→ **Provided information**:
━━━━━━

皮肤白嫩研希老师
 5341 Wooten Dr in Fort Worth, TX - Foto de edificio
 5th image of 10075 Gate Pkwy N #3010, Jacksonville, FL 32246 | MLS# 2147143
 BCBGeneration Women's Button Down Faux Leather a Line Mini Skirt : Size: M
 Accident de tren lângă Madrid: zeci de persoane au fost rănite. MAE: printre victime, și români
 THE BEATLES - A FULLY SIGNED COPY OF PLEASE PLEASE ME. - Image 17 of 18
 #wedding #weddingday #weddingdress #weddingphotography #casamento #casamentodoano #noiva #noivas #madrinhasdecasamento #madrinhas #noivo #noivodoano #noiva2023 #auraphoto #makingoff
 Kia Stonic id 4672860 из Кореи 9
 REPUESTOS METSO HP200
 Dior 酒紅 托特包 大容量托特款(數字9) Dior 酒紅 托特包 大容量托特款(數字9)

━━━━━━

→ **What you are asked to do**: Lines after the one containing "BCBGeneration Women's Button" are not wanted; repeat exactly each line above from the first up to and including it.

→ **Exercise output**:
皮肤白嫩研希老师
 5341 Wooten Dr in Fort Worth, TX - Foto de edificio
 5th image of 10075 Gate Pkwy N #3010, Jacksonville, FL 32246 | MLS# 2147143
 BCBGeneration Women's Button Down Faux Leather a Line Mini Skirt : Size: M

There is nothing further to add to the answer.